Ya'lla Tours USA is a boutique tour operator offering top quality travel services in 10 exciting countries: Bahrain, Cuba, Egypt, Greece, Israel, Jordan, Morocco, Oman, Turkey and the United Arab Emirates. Ya'lla Tours communications director, Kyna Perry, writes this blog based on personal experience and the deep well of experience and knowledge of Ya'lla colleagues near and far.

Happy New Year! Eat Pomegranate for a Lucky 2018

With its many seeds, the pomegranate has been associated with fertility and happy bounty in many cultures for thousands of years. The red juice sometimes represents death.

Perhaps the most famous occurrence of the pomegranate in mythology is in the story of Persephone, where the fruit symbolizes the cycle of life, death and rebirth.

Persephone was abducted by Hades, lord of the Underworld and forced to marry him. She was tricked into eating several pomegranate seeds in the Underworld, where eating anything consigned one to that place forever. At the loss of her daughter, Persephone’s mother Demeter, goddess of the harvest, went into deep mourning causing all the plants to die. Faced with the prospect of an eternal winter, Zeus was forced to negotiate terms with his brother Hades. A settlement was reached. which allowed Persephone to return to the world of the living for several months each year, bringing with her the seasons of generation and growth.

Still today, in the Mediterranean region and beyond, the pomegranate symbolizes prosperity and abundance and is often found at occasions of new beginnings.

Greeks break a pomegranate on the doorstep on New Year’s day as a blessing of good luck and abundance for the coming year. In Turkey pomegranates are eaten on New Year’s Day for good luck. Jews eat pomegranates on Rosh Hashana for the same reason.

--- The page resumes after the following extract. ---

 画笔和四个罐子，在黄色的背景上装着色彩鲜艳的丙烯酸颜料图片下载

In Turkey and other Mediterranean countries, newlyweds break a pomegranate on their doorstep before entering to symbolize their hope of fertility and prosperity in their life together.

In Jewish tradition, pomegranates are said to have 613 seeds to represent the 613 mitzvot (commandments) of the Torah. Pomegranates adorned the columns of King Solomon’s temple and the robes of the ancient priests of Israel.

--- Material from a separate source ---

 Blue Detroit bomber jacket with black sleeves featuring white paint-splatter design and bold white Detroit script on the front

In Christian symbolism, the pomegranate, broken open to expose its many seeds and red juice, represents the blood and resurrection of Jesus.

Madonna of the Pomegranate by Sandro Botticelli, 1487

Madonna of the Pomegranate by Sandro Botticelli, 1487, from Wikipedia

In some traditions, the fruit eaten by Adam in Eden is not an apple but a pomegranate and the Tree of Life is a pomegranate tree.

The pomegranate is one of the four sacred trees of Islam, along with the olive, the fig and the date. Islamic tradition tells that one seed of every pomegranate is a holy seed from Eden and has spiritually purifying effects when eaten.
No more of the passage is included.